+++ DATASET EXCERPT +++

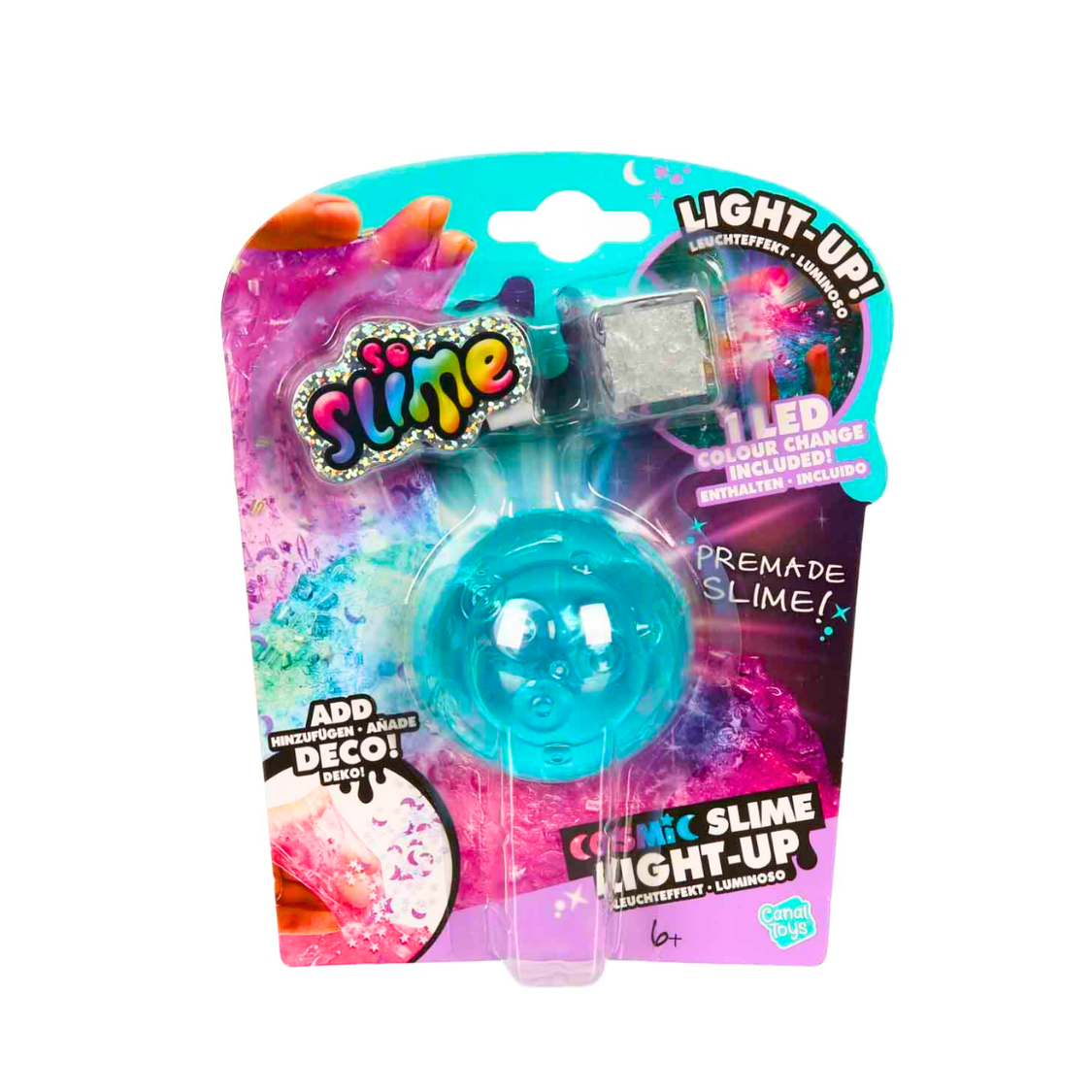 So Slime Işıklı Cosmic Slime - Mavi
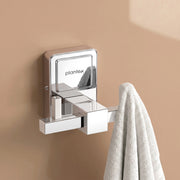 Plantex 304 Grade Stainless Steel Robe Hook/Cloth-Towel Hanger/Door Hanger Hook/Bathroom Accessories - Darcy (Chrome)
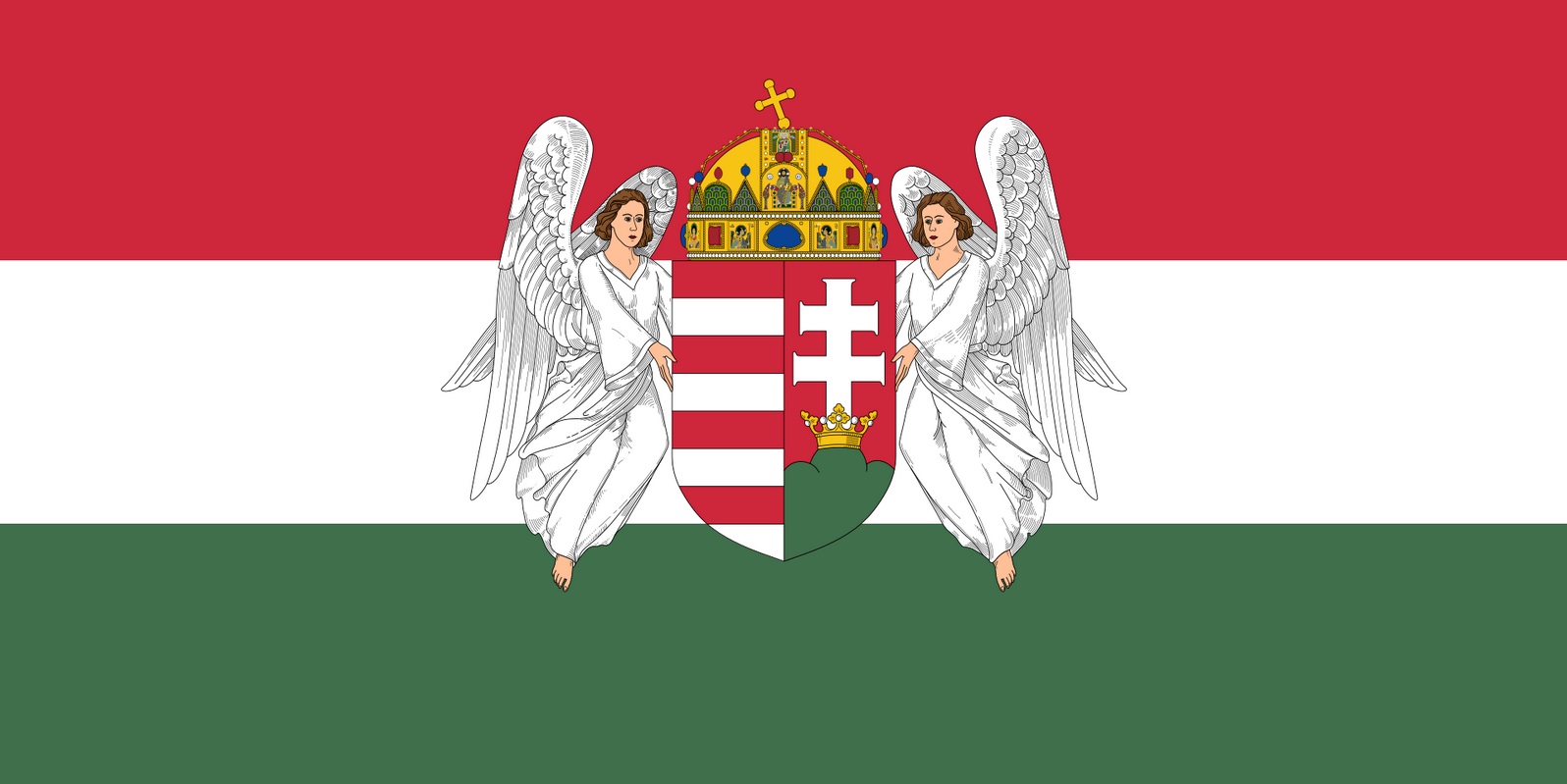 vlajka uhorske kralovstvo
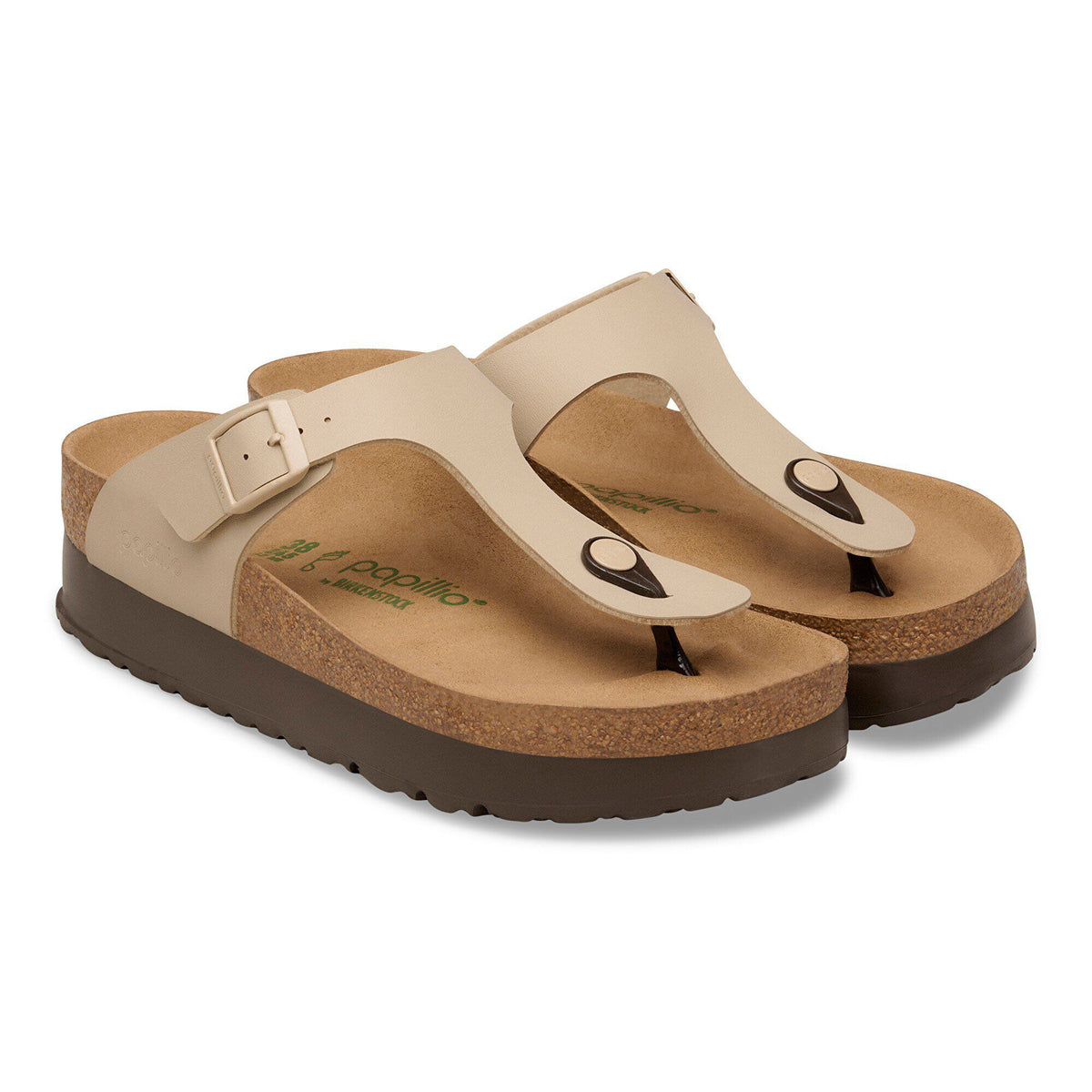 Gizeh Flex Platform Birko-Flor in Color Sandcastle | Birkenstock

+++

PROBLEM REQUIREMENTS:
All text in the material above must be written out exactly; the images are to be skipped.

OUTPUT BELOW:
 So Slime Işıklı Cosmic Slime - Mavi
 Plantex 304 Grade Stainless Steel Robe Hook/Cloth-Towel Hanger/Door Hanger Hook/Bathroom Accessories - Darcy (Chrome)
 vlajka uhorske kralovstvo
 Gizeh Flex Platform Birko-Flor in Color Sandcastle | Birkenstock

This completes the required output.